Set down again, exactly and only, the lines from the one that contains "Used 2018 Volvo" through the last line of the records below, both included, but not the pictures.

**** RECORDS TO USE ****

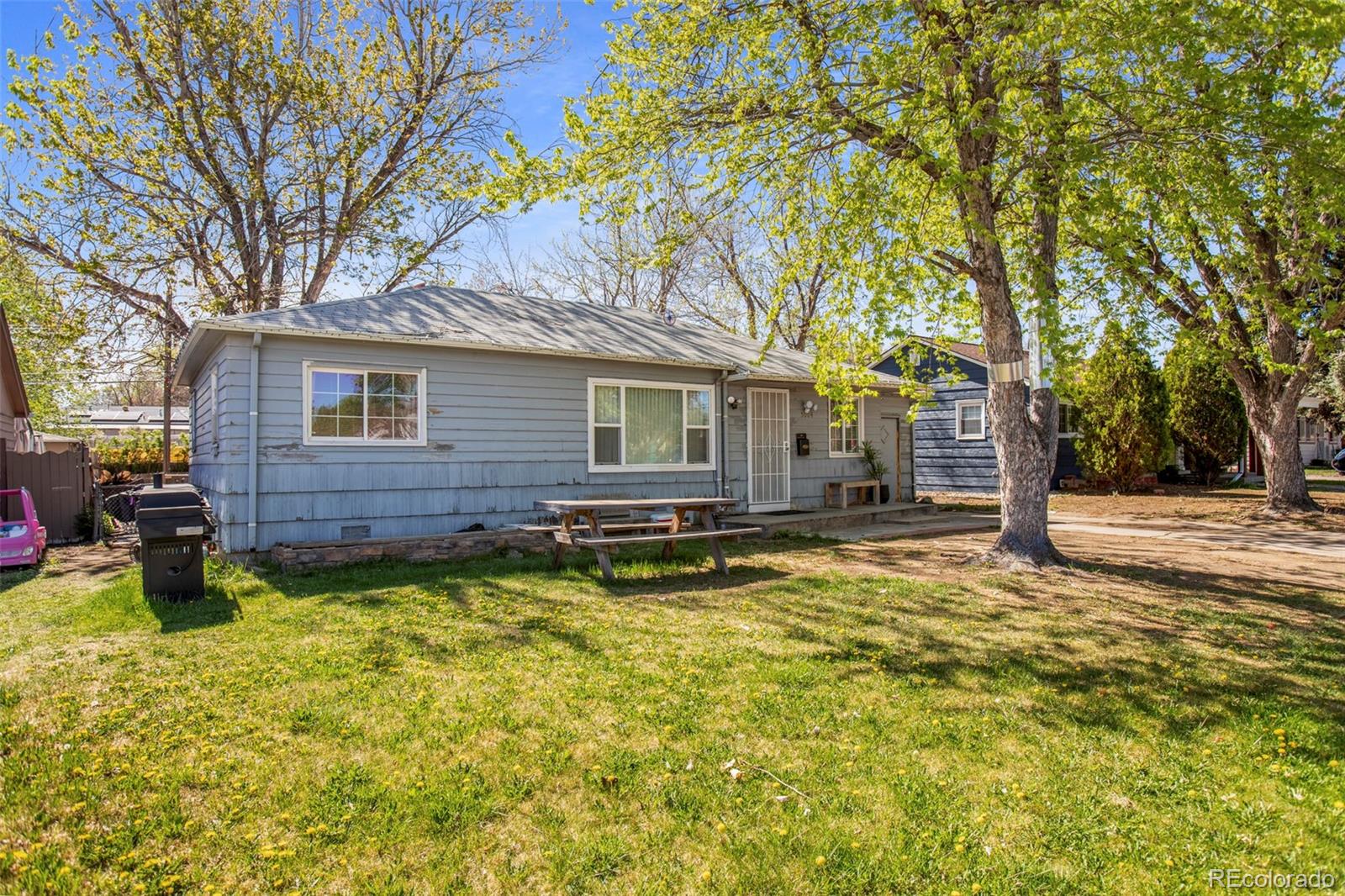 5004 W Center Drive Denver CO 80219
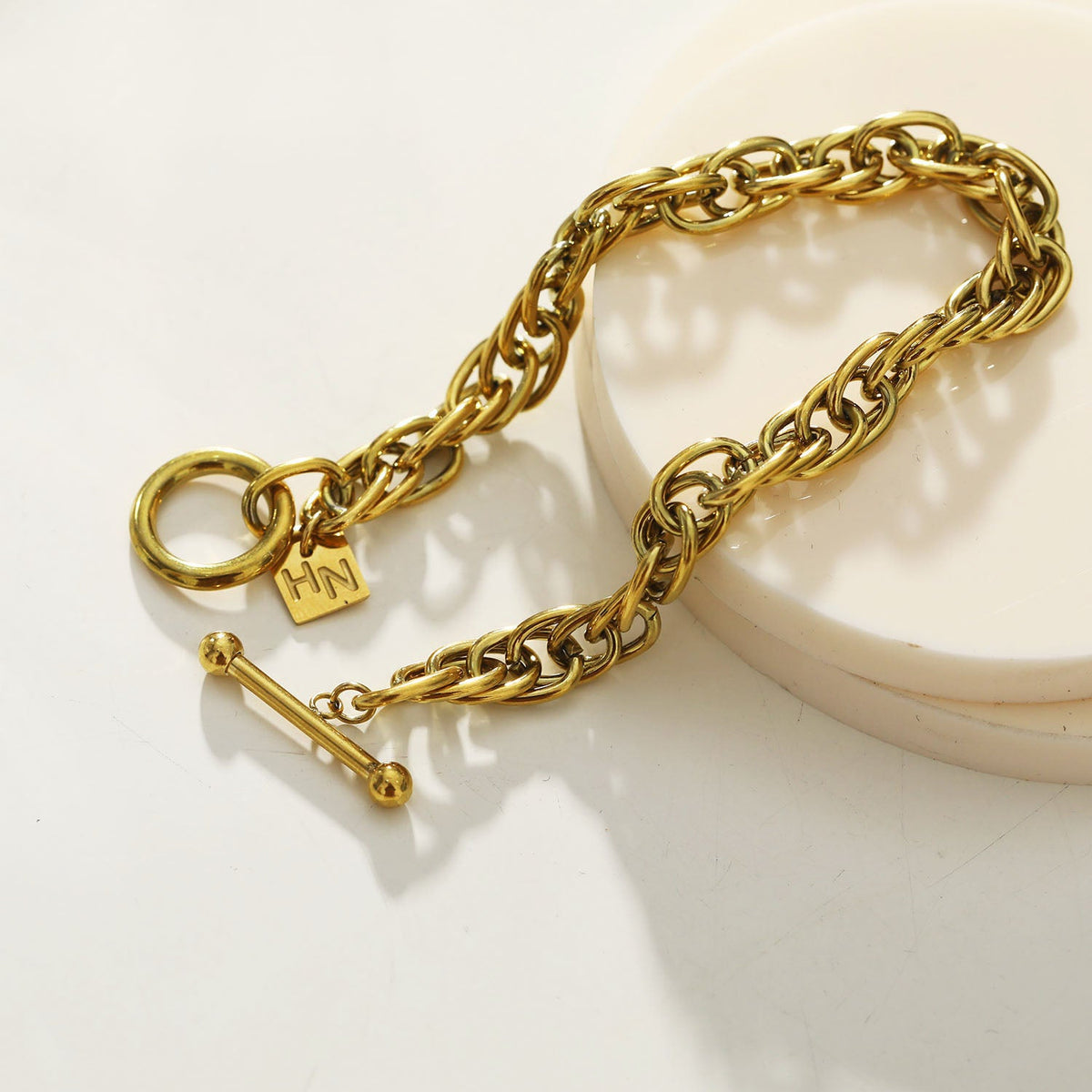 ARDA Gold : Bracelet multi-maillons épais et complexe avec anneau et fermoir en T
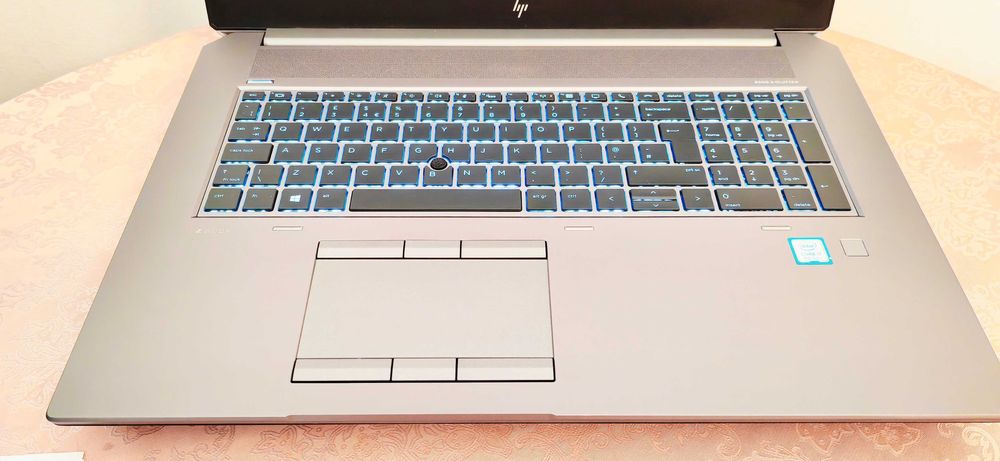 HP ZBook 17 G5/Core i5 8400H/NVIDIA P1000 4GB//16GB RAM/512GB SSD/IPS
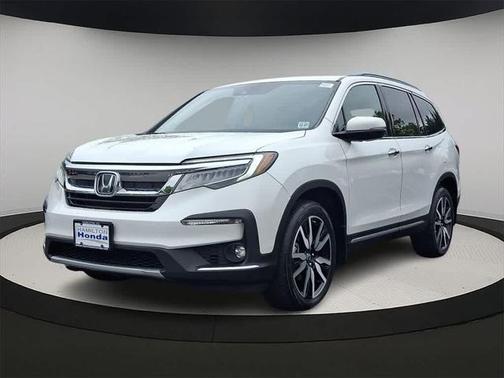 2022 Honda Pilot Touring 8-Passenger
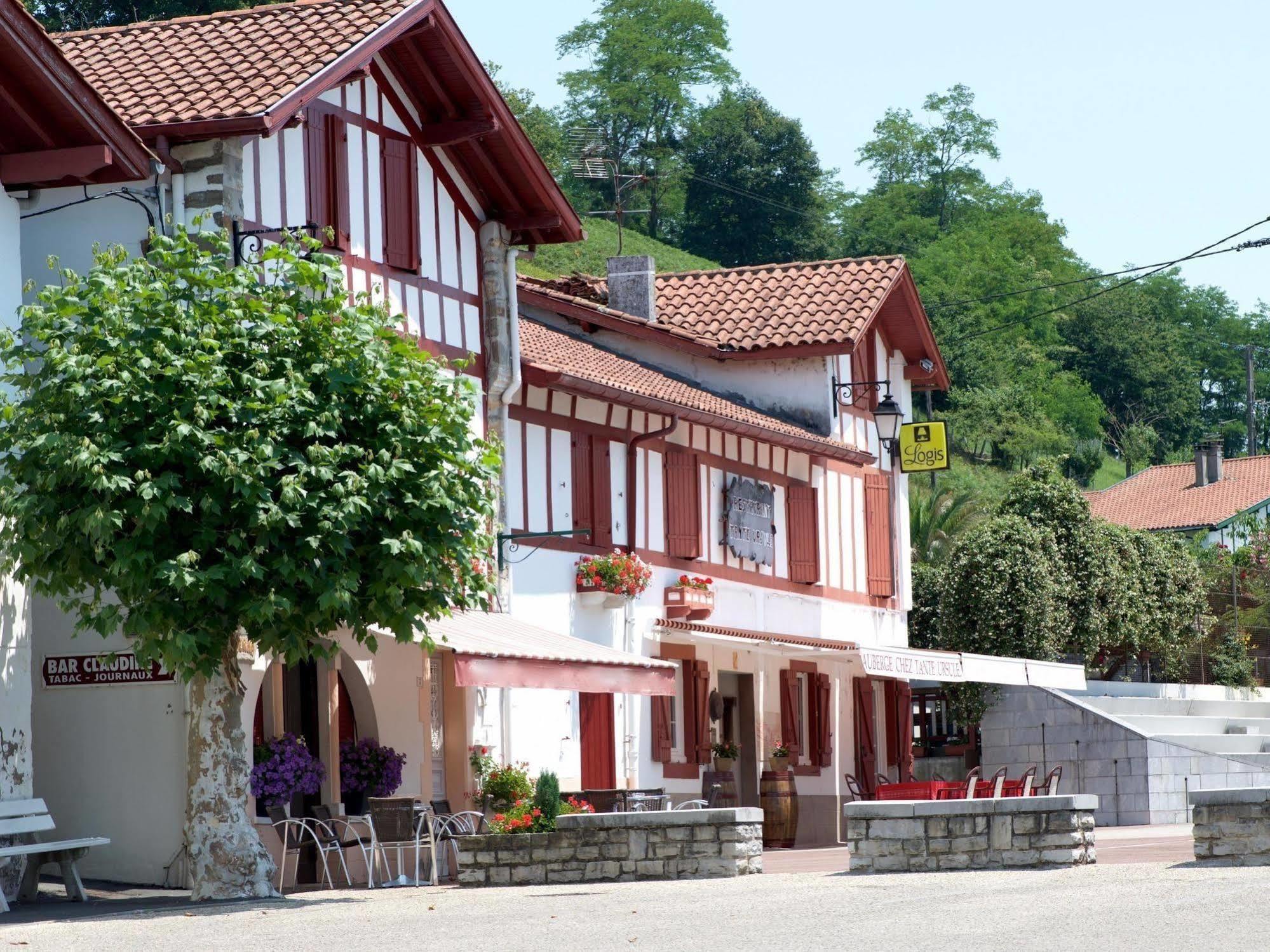 Auberge Chez Tante Ursule ก็องโบ-เล-แบ็ง ภายนอก รูปภาพ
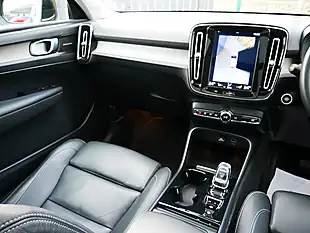 Used 2018 Volvo XC40 Inscription Pro Onyx Black - Interior and Exterior details 18
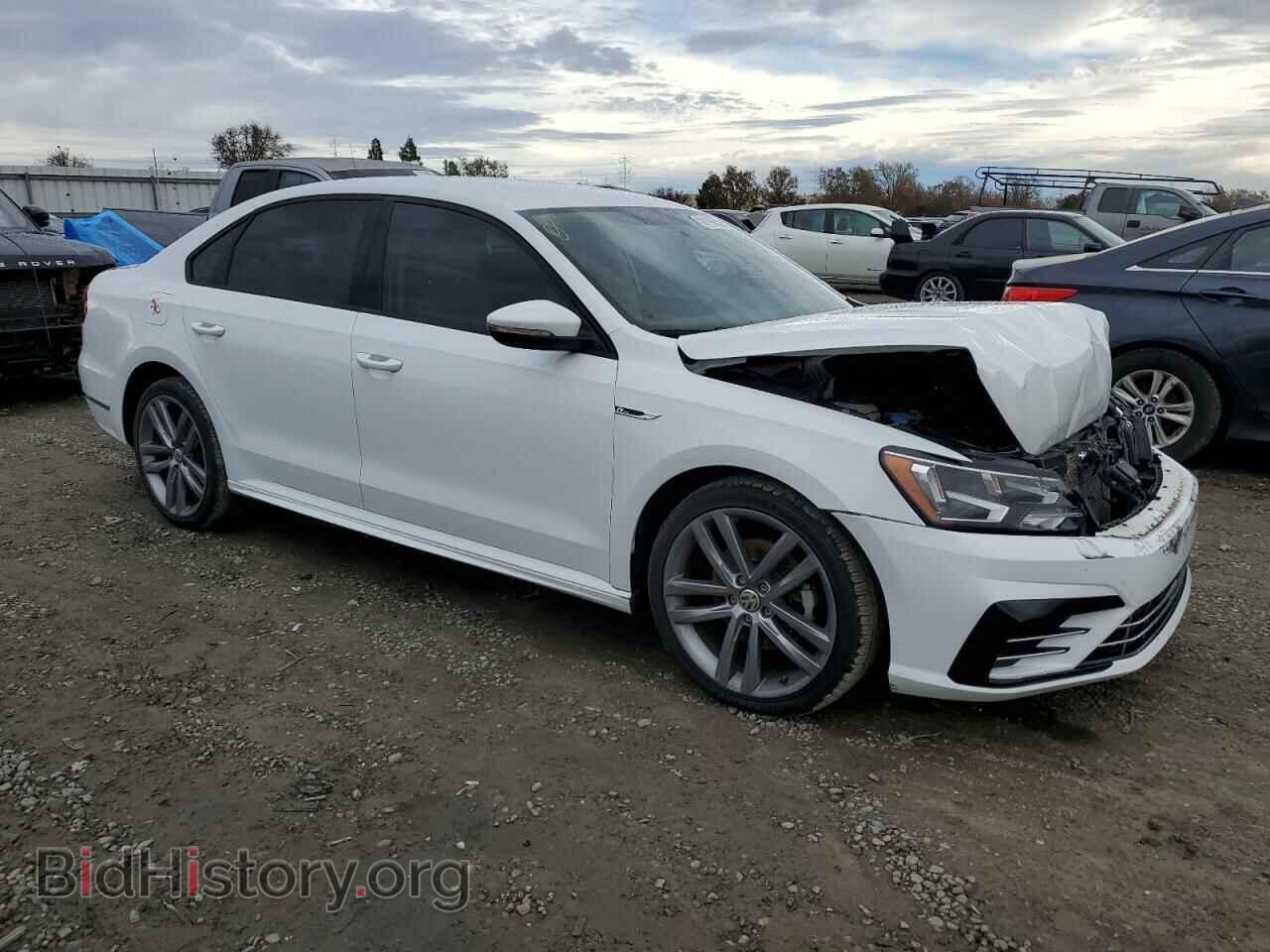 2018 VOLKSWAGEN PASSAT - VIN: 1VWAA7A34JC014483 - Фото 4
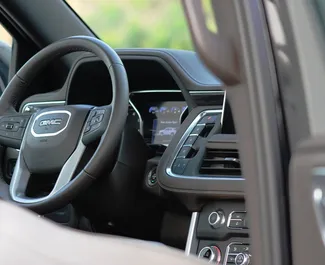 Intérieur de GMC Yukon à louer dans les EAU. Une excellente voiture de 7 places avec une transmission Automatique.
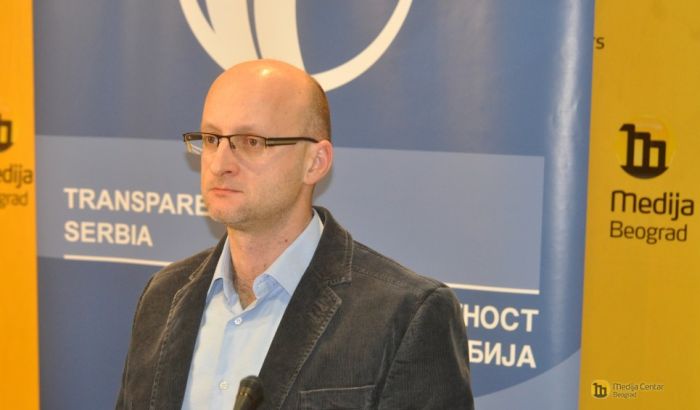 Transparentnost Srbija: Da zakon potpuno zabrani gomilanje funkcija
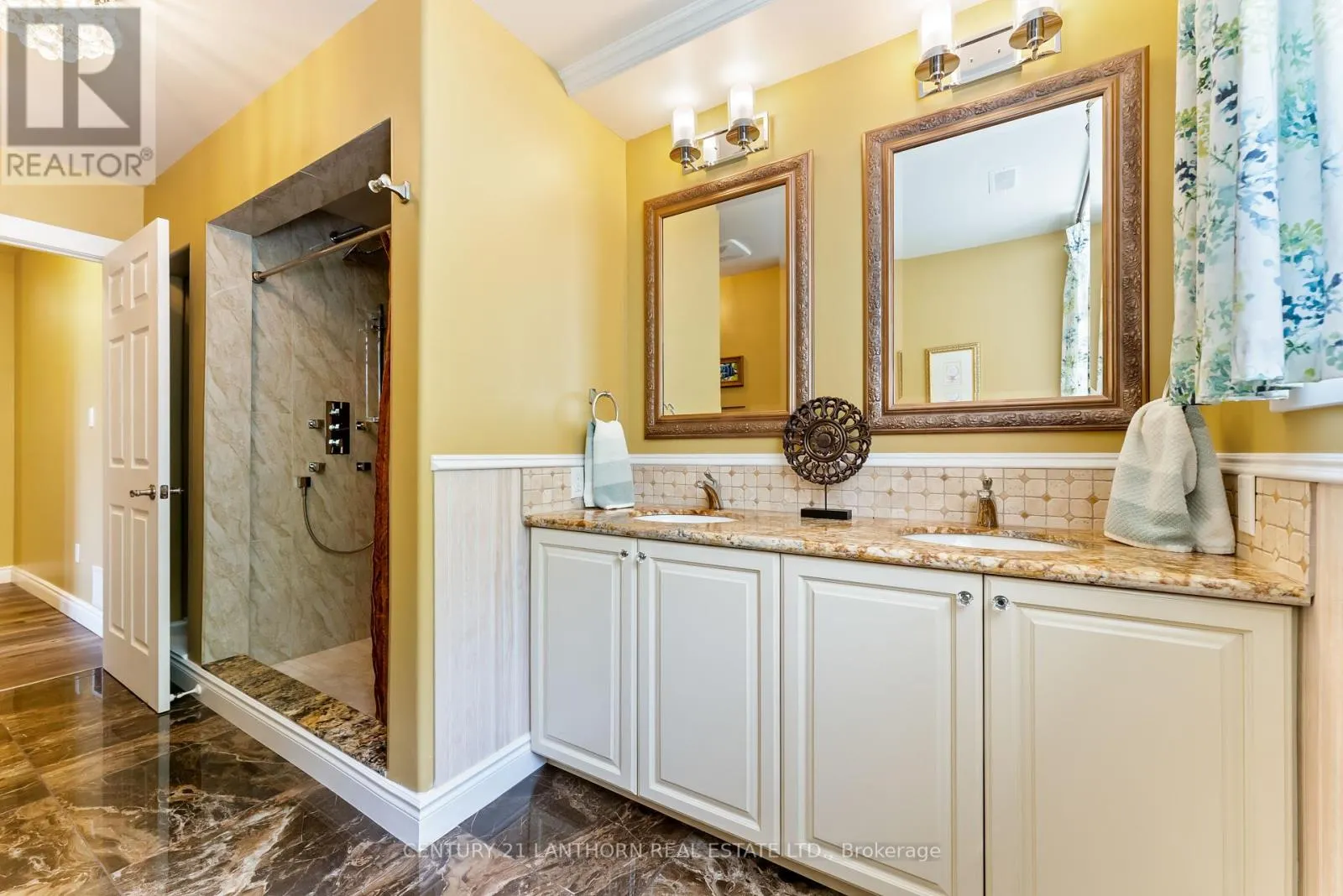 32 FOREST BREEZE LANE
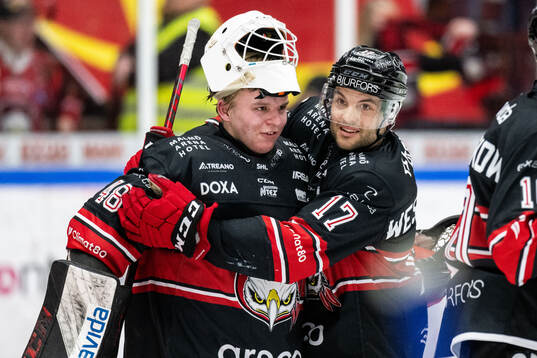 Malmö Redhawks målvakt Oskar Blomgren jublar med Pathrik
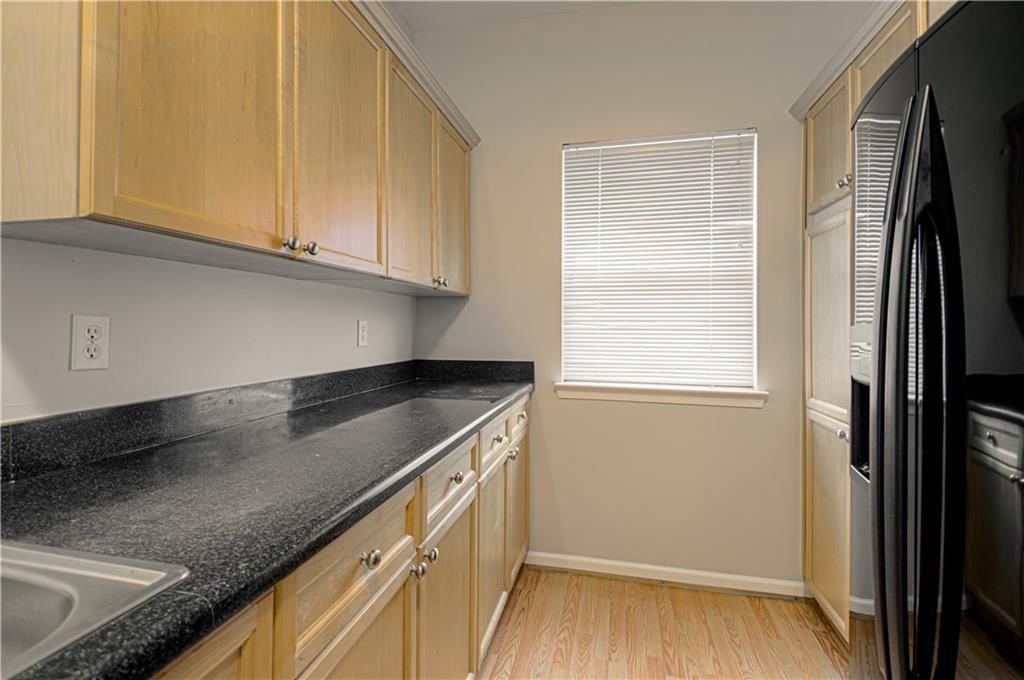 11721 S ROUNDTREE Street — photo 9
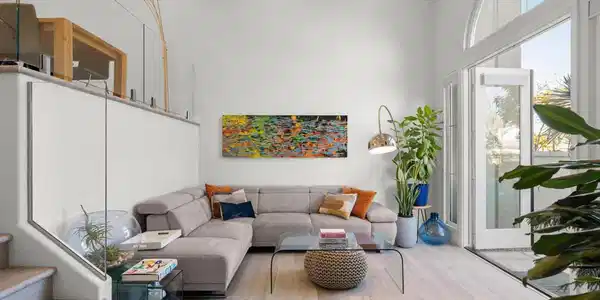 1323 Bayside Circle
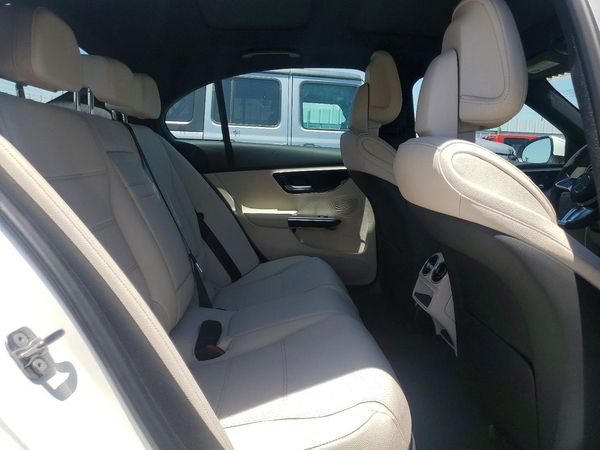2026 MERCEDES-BENZ C C300 4MATIC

****

THE ANSWER
 Used 2018 Volvo XC40 Inscription Pro Onyx Black - Interior and Exterior details 18
 2018 VOLKSWAGEN PASSAT - VIN: 1VWAA7A34JC014483 - Фото 4
 Intérieur de GMC Yukon à louer dans les EAU. Une excellente voiture de 7 places avec une transmission Automatique.
 Transparentnost Srbija: Da zakon potpuno zabrani gomilanje funkcija
 32 FOREST BREEZE LANE
 Malmö Redhawks målvakt Oskar Blomgren jublar med Pathrik
 11721 S ROUNDTREE Street — photo 9
 1323 Bayside Circle
2026 MERCEDES-BENZ C C300 4MATIC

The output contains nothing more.